If those are the things you'd need to get going then you might have some success, hopefully!

tlienart commented 4 years ago

Thanks for the code, awesome I look forward to trying this out over the weekend :)

tlienart commented 3 years ago

Sorry for briefly re-opening this, the trick you suggested does not work anymore but this:

CommonMark.indented_code_block(::CommonMark.Parser, ::CommonMark.Node) = 0

seems to work fine. It preserves base markdown formatting that happens in the indentation for instance:

julia> p = CommonMark.Parser();
julia> t = """
       ab **and**

           cd
           ef **gh**
               foo `bb`
           bar

       end"""
"ab **and**\n\n    cd\n    ef **gh**\n        foo `bb`\n    bar\n\nend"

julia> CommonMark.ast_dump(p(t))
Document
  Paragraph
    Text
      "ab "
    Strong
      Text
        "and"
  Paragraph
    Text
      "cd"
    SoftBreak
      ""
    Text
      "ef "
    Strong
      Text
        "gh"
    SoftBreak
      ""
    Text
      "foo "
    Code
      "bb"
    SoftBreak
      ""
    Text
      "bar"
  Paragraph
    Text
      "end"

apart from the fact that it's a dirty trick, do you see anything that could go terribly wrong from the CommonMark.jl perspective if I use this? thanks!

MichaelHatherly commented 3 years ago

Couldn't say with any certainty whether that will do anything terribly bad, worth trying it out, though parsing CM can be pretty weird at times.
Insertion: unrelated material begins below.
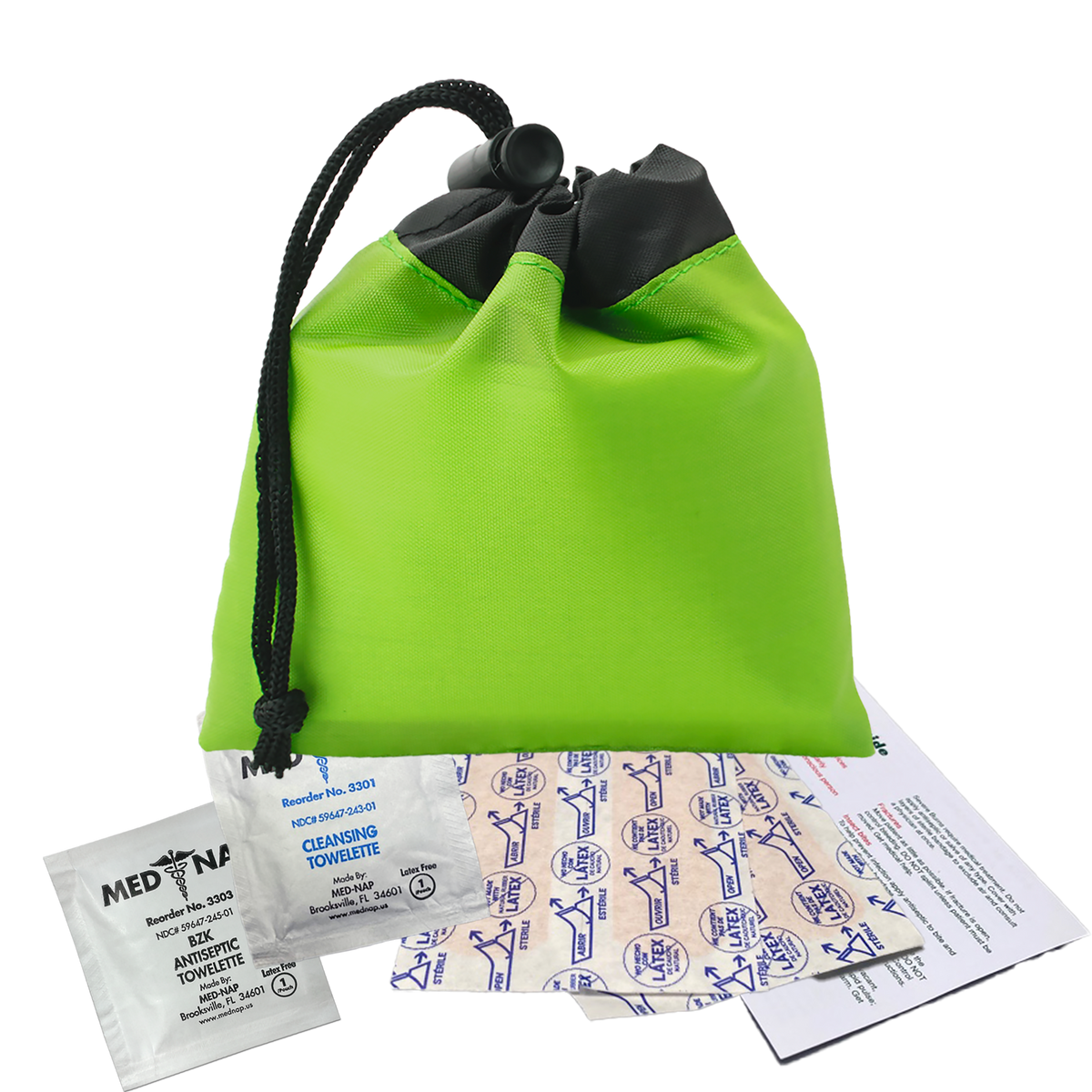 Custom logo Cinch Pouch First Aid Kit - 7 Piece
You can avoid the type piracy on that method (I assume you're redefining it within the REPL (and Franklin)? by doing something like the following:

struct SkipIndented end
block_rule(::SkipIndented) = Rule((p, c) -> 0, 8, "")
julia> p = enable!(disable!(Parser(), IndentedCodeBlockRule()), SkipIndented())
Parser(Node(CommonMark.Document))

This swaps out the indented block parser with your definition without the piracy. (I was surprised that it didn't actually break anything at all.)

julia> CommonMark.ast_dump(p(t))
Document
  Paragraph
    Text
      "ab "
    Strong
      Text
        "and"
  Paragraph
    Text
      "cd"
    SoftBreak
      ""
    Text
      "ef "
    Strong
      Text
        "gh"
    SoftBreak
      ""
    Text
      "foo "
    Code
      "bb"
    SoftBreak
      ""
    Text
      "bar"
  Paragraph
    Text
      "end"

This needs a tiny patch to CM, since there's a bug in disable! that this uncovered (which I'll push tomorrow):

diff --git a/src/parsers/rules.jl b/src/parsers/rules.jl
index a20a582..2626c3e 100644
--- a/src/parsers/rules.jl
+++ b/src/parsers/rules.jl
@@ -50,7 +50,7 @@ function disable!(p::AbstractParser, rules::Union{Tuple, Vector})
     empty!(p.inline_parser.inline_parsers)
     empty!(p.inline_parser.modifiers)
     filter!(f -> f ∉ rules, p.rules)
-    return enable!(p, p.rules)
+    return enable!(p, copy(p.rules))
 end
 disable!(p::AbstractParser, rule) = disable!(p, [rule])
tlienart commented 3 years ago

Cool thank you! I'll use your trick

MichaelHatherly commented 3 years ago

That fix with be tagged shortly: https://github.com/MichaelHatherly/CommonMark.jl/commit/438032d3f338166978e623f865aabb6d1127be9f.

I'll note here that I'd regard what I used to make that trick work can be regarded as public interface and won't be disappearing at random. The previous trick with push! was definitely "doing bad things".